- Original title: 世界零距離
- Genre: Travel
- Starring: Anthony Fong Tung Shingzh [zh] (方東昇) Chan Pui Ka (陳沛珈) Joana Hoiteng U (余凱婷)
- Narrated by: Anthony Fong Tung Shing (方東昇)
- Country of origin: Hong Kong
- Original language: Cantonese

Production
- Production company: TVB

Original release
- Release: 2 December 2013 – 20 January 2017

= Big Big World (TV programme) =

Big Big World (世界零距離 (世界零距离)) is a Hong Kong travel television programme produced and broadcast by TVB. It debuted on 2 December 2013. The show's hosts were Anthony Fong Tung Shing (方東昇), Chan Pui Ka (陳沛珈), and Joana Hoiteng U (余凱婷).

==Format==
The programme features "out-of-the-way" places that are not frequented by Hong Kong residents. The programme is presented by news reporters and presenters with TVB's news division, whereas TVB travel programs usually feature the channel's actors and actresses.

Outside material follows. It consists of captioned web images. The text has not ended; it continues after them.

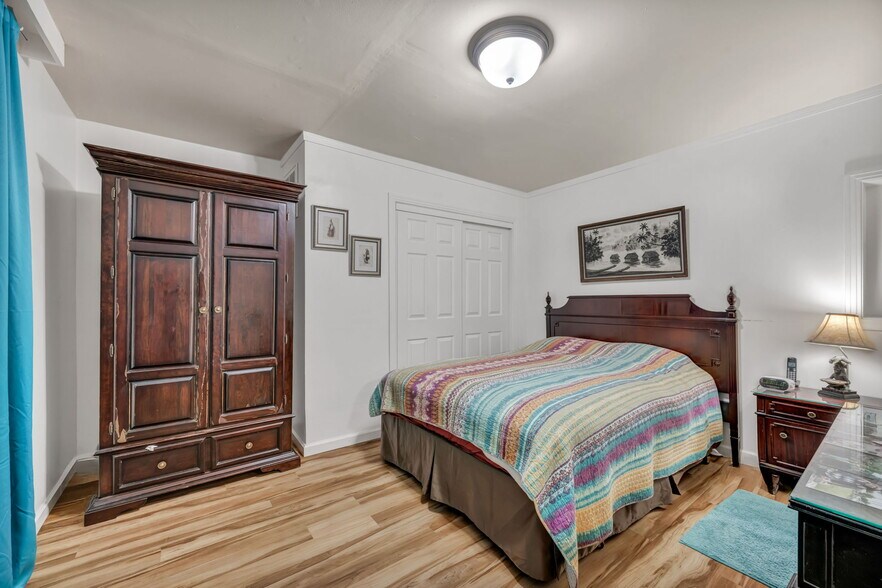 More Photos Of 58 N C St, Virginia City Storefront For Sale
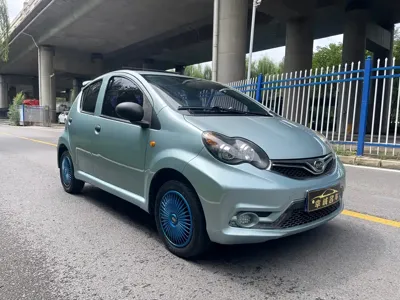 BYD F0
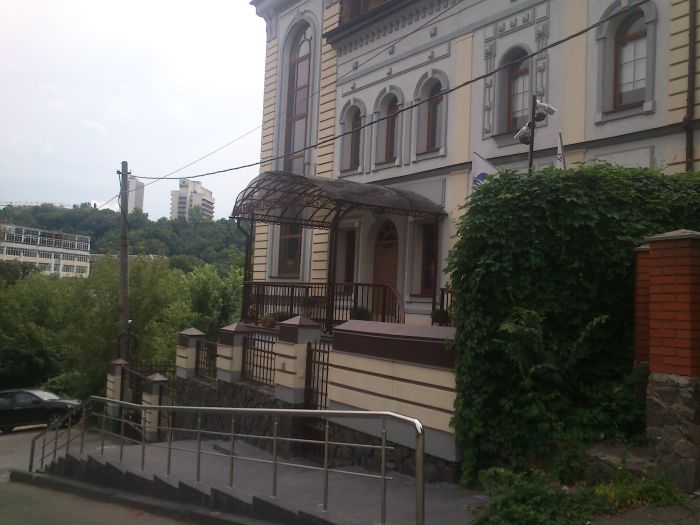 Что скрывается на заднем дворе офиса Газпрома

In addition to presenting the sights of each country profiled, the programme also focuses on the social problems faced by each of the countries, in addition to comparing and contrasting them to problems faced by Hong Kong residents.

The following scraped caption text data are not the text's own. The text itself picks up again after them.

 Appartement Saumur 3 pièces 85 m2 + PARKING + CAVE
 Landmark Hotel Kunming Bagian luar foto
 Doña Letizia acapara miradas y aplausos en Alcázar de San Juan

Each series was broadcast on TVB's digital-only iNews channel, with a condensed omnibus version airing on TVB Jade at a later time.

==Overview==

===Series 1===
The first series debuted on 2 December 2013, via iNews. The countries visited in the first series include Bhutan, Vanuatu, Tonga, Gibraltar, Jamaica, Jordan, Lithuania, Brazil, and Mongolia.

===Series 2===
Countries featured in the second series include Falkland Islands, French Guiana, Liechtenstein, Cayman Islands, Venezuela, Fiji, Vanuatu, Tuvalu, and Greenland.

===Series 3===
Countries and places featured in the second series include Ethiopia, Vladivostok, Catalonia, Kaliningrad, Ecuador, and Panama. The last episode of the series aired 20 January 2017.

==Reception==
The Hong Kong Economic Times said the show received "praise for being both entertaining and funny", noting that Anthony Fong Tung Shing's "corny jokes and witty one-liners have spread widely across the internet". The Macao Daily News praised the show as "truly worth watching", citing "the hosts' lively and witty dialogue that make it even more engaging". The newspaper further said that the three presenters have "clear articulation, sharp pronunciation, and quick wit, delivering an outstanding performance".